Questioned on whether leaving key details on immigration policy unclear so late in the election is a problem, Republican National Committee Chairman Reince Priebus demurred: "I just don't speak for Donald Trump."
It was a striking look at Trump's leadership of a team he had said would help drive him to victory in the Nov. 8 election.
Surrogates speak for and back up their presidential nominee. But Team Trump's struggled to do so even as they stayed tightly together on the details they know: Trump will issue more details on the immigration plan soon, the policy will be humane, and despite his clear wavering, he's been "consistent" on the issue. Any discussion of inconsistencies or potentially unpresidential tweeting, Pence and others suggested, reflected media focus on the wrong issue.
Asked whether the "deportation force" proposal Trump laid out in November is still in place, Pence replied: "Well, what you heard him describe there, in his usual plainspoken, American way, was a mechanism, not a policy."
Added Trump's campaign manager, Kellyanne Conway: "The softening is more approach than policy," adding that on immigration, Trump "wants to find a fair and humane way."
The Indiana governor, Conway and other surrogates said the main tenets of Trump's immigration plan still will include building a wall along the southern U.S. border and making Mexico pay for it, no path to status adjustment or citizenship for people here illegally and stronger border enforcement. Pence also did not answer whether the campaign believes, as Trump has said, that children born to people who are in the U.S. illegally are not U.S. citizens. That, he said, "is a subject for the future."
Native-born children of immigrants, even those living illegally in the U.S., have been automatically considered American citizens since the adoption of the 14th Amendment in 1868.
Trump has focused lately on deporting people who are in the U.S. illegally and who have committed crimes. But who Trump considers a criminal remained unclear Sunday.
Trump in recent days has suggested he might be "softening" on the deportation force and that he might be open to allowing at least some immigrants in the country illegally to stay, as long as they pay taxes.
But by Thursday, he was ruling out any kind of legal status — "unless they leave the country and come back," he told CNN.
Recent polls indicate Democratic nominee Hillary Clinton is ahead in some of the most competitive and pivotal states.

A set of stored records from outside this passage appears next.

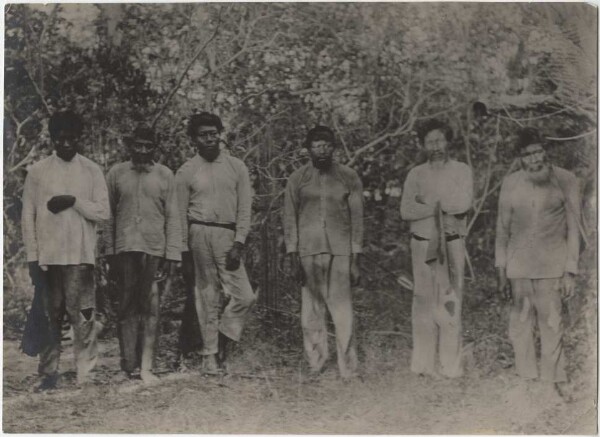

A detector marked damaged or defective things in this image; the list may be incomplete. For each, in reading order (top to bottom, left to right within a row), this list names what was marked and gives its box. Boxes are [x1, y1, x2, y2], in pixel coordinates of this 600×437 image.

torn clothing [20, 152, 109, 264]
torn clothing [104, 162, 182, 260]
torn clothing [284, 163, 364, 255]
torn clothing [492, 165, 580, 278]
torn clothing [37, 264, 97, 380]
torn clothing [115, 252, 161, 372]
torn clothing [190, 223, 255, 352]
torn clothing [300, 254, 356, 376]
torn clothing [410, 237, 466, 376]
torn clothing [508, 278, 564, 380]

The first presidential debate is set for Sept. 26.
His surrogates on Sunday refused to comment on Trump's reaction to the fatal shooting of NBA star Dwyane Wade's cousin Friday, as she pushed her baby in a stroller in Chicago.

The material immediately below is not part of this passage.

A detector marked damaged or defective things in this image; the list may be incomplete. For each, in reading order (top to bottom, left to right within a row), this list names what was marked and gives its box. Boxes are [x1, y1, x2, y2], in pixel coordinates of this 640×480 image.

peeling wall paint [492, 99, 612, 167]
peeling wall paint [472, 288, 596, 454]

Trump's first tweet about the shooting ended this way: "Just what I have been saying. African-Americans will VOTE TRUMP!"
A few hours later, he followed up with a tweet offering condolences to Wade and his family.
Asked whether the initial tweet was presidential or appropriate, GOP officials and campaign advisers instead talked about reducing crime or said they were pleased Trump followed up with a tweet of condolence and empathy.
New Jersey Gov. Chris Christie said the media "focus on process ... instead of the message." He said the killing of someone pushing a stroller "is unacceptable in an American city" and that "the level of violence in Chicago is unacceptable."
Pence appeared on CNN's "State of the Union," Priebus was on NBC's "Meet the Press," Christie was interviewed on ABC's "This Week" and Conway was on Fox and CBS' "Face the Nation."